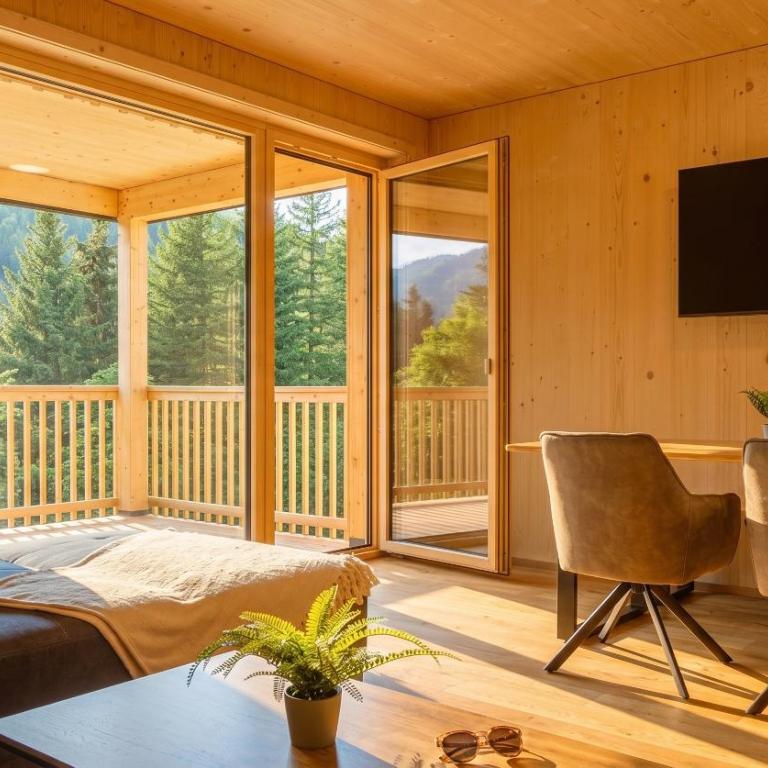Bergresort Lachtal by ALPS RESORTS - Apartamento de 3 dormitorios - 1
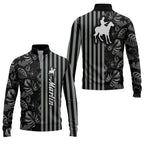 Marlin Quarter-zip Pullover SHW040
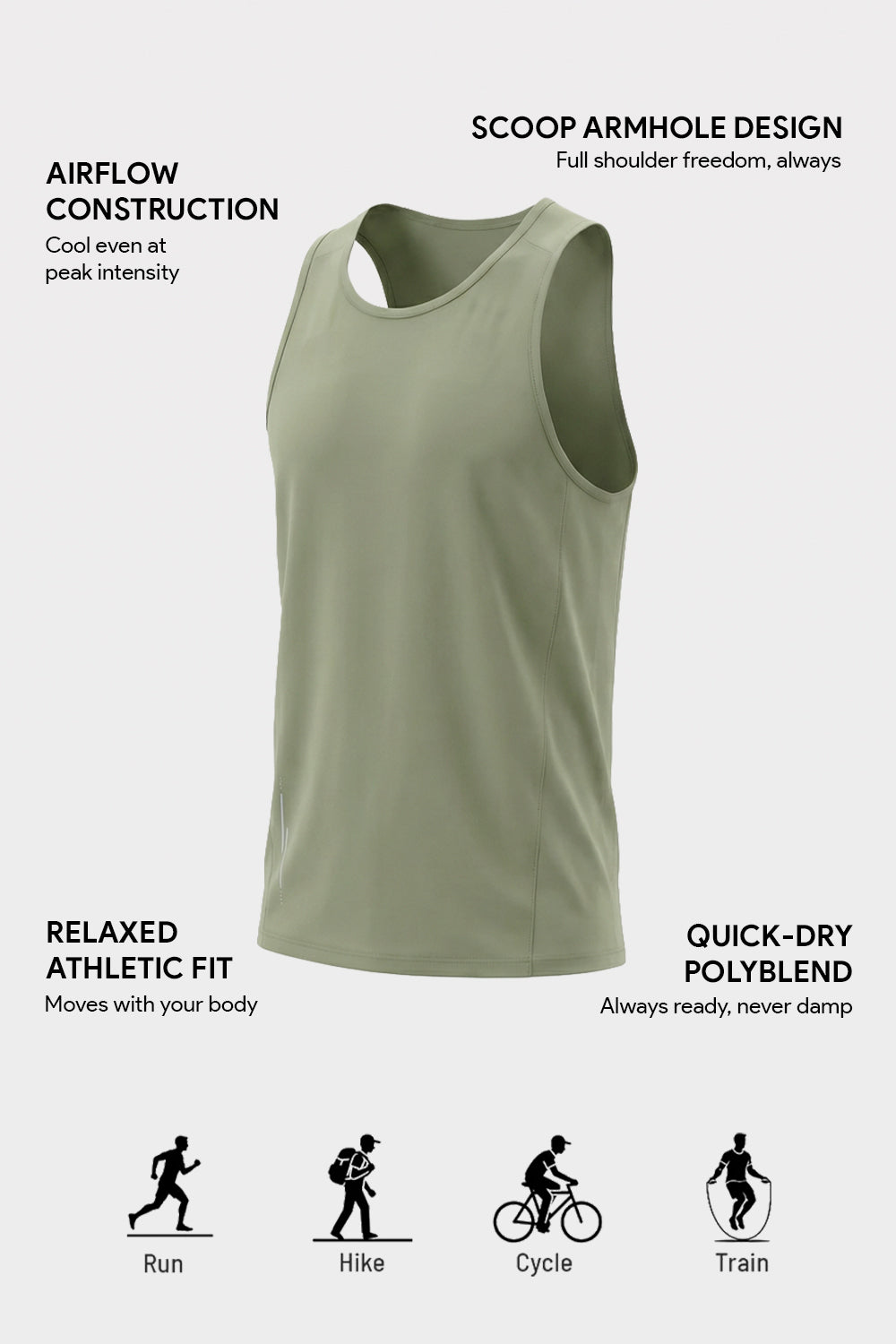 Active Performance Vest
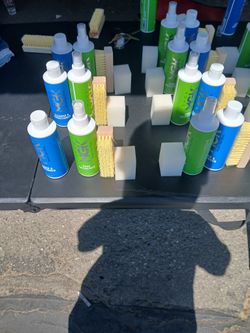 MGK shoe Cleaner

──────

■ **Instructions for the task**
Everything in the listing above must be retyped exactly, except for the pictures.

■ **Reply to the task**
Bergresort Lachtal by ALPS RESORTS - Apartamento de 3 dormitorios - 1
 Marlin Quarter-zip Pullover SHW040
 Active Performance Vest
 MGK shoe Cleaner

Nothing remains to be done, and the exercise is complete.